Washington, D.C. – This week, U.S. Senator Bob Casey (D-PA) and U.S. Congressman Tony Cárdenas (D-CA-29) introduced the Prohibiting Detention of Youth Status Offenders Act to keep more children out of detention facilities when they commit minor offenses. Every year, thousands of kids are incarcerated for “status offenses”—acts would not even be considered crimes if they were committed by an adult—like truancy, breaking curfew, or running away from home. This incarceration is allowed through the use of the “valid court order” (VCO) exception. The Prohibiting Detention of Youth Status Offenders Act would phase out and then prohibit the use of the VCO exception to prevent states from detaining youth for status offenses in favor of responses that better support youth.

“Far too many children are locked up every year for minor offenses like skipping school and running away from home. Putting our kids behind bars for these actions does nothing but introduce them to the very thing we want to steer them away from: the criminal justice system,” said Senator Casey. “With this legislation, we can change the trajectories of young lives, create safer communities, and better support young people going through a difficult time.”

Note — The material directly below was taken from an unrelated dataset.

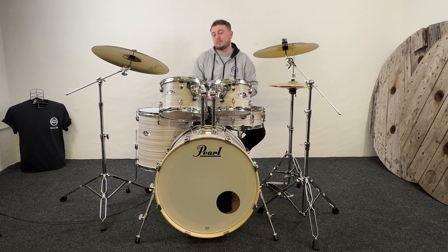Hey guys, Sam here from Drum Depot. We've got a brand new Pearl Export in Slipstream White. Ty's going to link that into the video so you guys can check it out on our website.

“Growing up in Pacoima, I’ve seen firsthand how overincarceration and unnecessary confinement have wrecked the lives of young people” said Congressman Cárdenas. “That's why I am proud to partner with Senator Casey to introduce the Prohibiting Detention of Youth Status Offenders Act, which would prohibit states from detaining young people for acts that, if they were an adult, would not be considered crimes. These cases disproportionately impact our nation's youth of color, who deserve equal opportunity to thrive. We must always strive to better support our youth by uplifting them – and not treat them like criminals.”

 In 1980, the Juvenile Justice and Delinquency Act was amended to allow judges to issue detention orders in status offense cases if the offense violated a valid court order from the judge. Since this amendment, the VCO exception has been used to institutionalize thousands of children each year. This exception has had a disproportionate impact on young people of color, who comprise a higher rate of petitioned status offenses case relative to their population size. Senator Casey and Congressman Cárdenas have been long-time champions of closing the VCO loophole, and were able to secure provisions in the 2018 juvenile justice reauthorization that, among other things, limited the time that a status offender could be held in a secure facility to only seven days. The Prohibiting Detention of Youth Status Offenders Act would finally close this loophole for good and work to reverse the impact this exception has inflicted. Further, this bill would help root out some of the conditions that led to the “Kids for Cash” scandal in Pennsylvania.

In addition to being co-sponsored by Senator Casey and Congressman Cárdenas, the bill is endorsed by Act4JJ, Association for Children’s Residential & Community Services (ACRC), Coalition for Juvenile Justice, and Juvenile Law Center.